The court overruled intervener's exceptions to the findings and report of the master, and entered a decree dismissing its petition, and it prosecutes this appeal to reverse such decree.

The appellant assigns as error that under the facts stipulated the master and court erred in finding and holding:

[1] (1) That under the bill of lading and tariff schedules of the carriers, filed with the Interstate Commerce Commission and duly posted, the tender of the car containing the copper by the defendant railroad company to the consignee Moore-Jones Brass & Metal Company on January 1, 1910, effected a delivery of the copper to the consignee and relieved the railroad company of any further liability as a common carrier for the copper.

The bill of lading and tariff schedules in unmistakable terms provide:

"Sec. 5. That property not removed by the party entitled to receive it, within forty-eight hours (exclusive of legal holidays) after notice of its arrival has been duly sent or given may be kept in car, depot, or place of delivery of the carrier, or warehouse, subject to a reasonable charge for storage and to carrier's responsibility as warehouseman only, or may at the option of the carrier be removed to and stored in a public or licensed warehouse, at the cost of the owner and there held at the owner's risk and without liability on the part of the carrier and subject to a lien for all freight and other lawful charges including a reasonable charge for storage."

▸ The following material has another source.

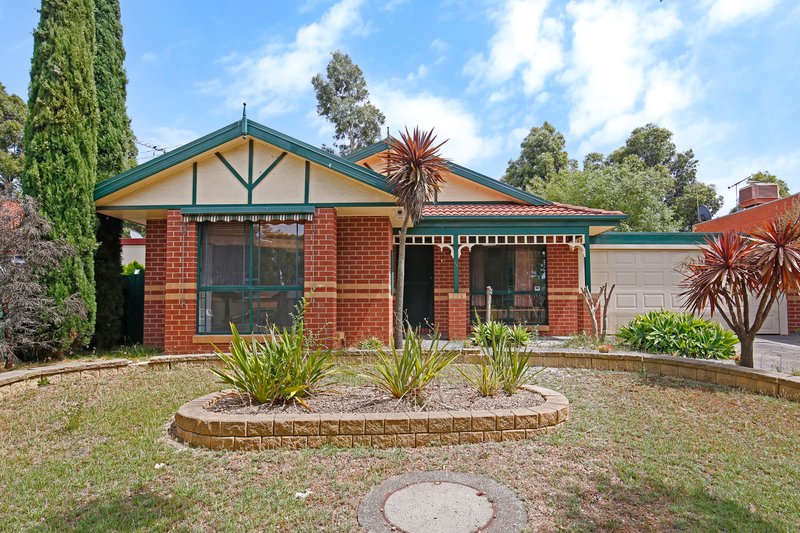 24 Rutherford Way, Roxburgh Park VIC 3064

The car containing this copper was received by the Wabash Railroad Company in St. Louis from the Terminal Railroad Company December 30, 1909, and placed on one of its tracks (No. 24) in its yards, on January 1, 1910, and was transferred to track No. 25 in the same yard, and the consignee notified in writing that the car was there for its unloading or other disposition subject to a charge of $1 a day or fraction thereof for all time that it should be held beyond the free time allowed by the rules of the company for unloading. The tariff of the Wabash Company, then on file with the Interstate Commerce Commission and duly posted as required by law, provides:

"That when delivery of cars consigned or ordered to private industrial spur tracks cannot be made on account of the act, neglect, or inability of the consignee to receive them, delivery will be considered to have been made when the cars are tendered. The carrier's agent must give the consignee written notice of all cars it has been unable to deliver, because of the condition of the private track, or of other conditions attributable to consignee; this will be considered a constructive placement."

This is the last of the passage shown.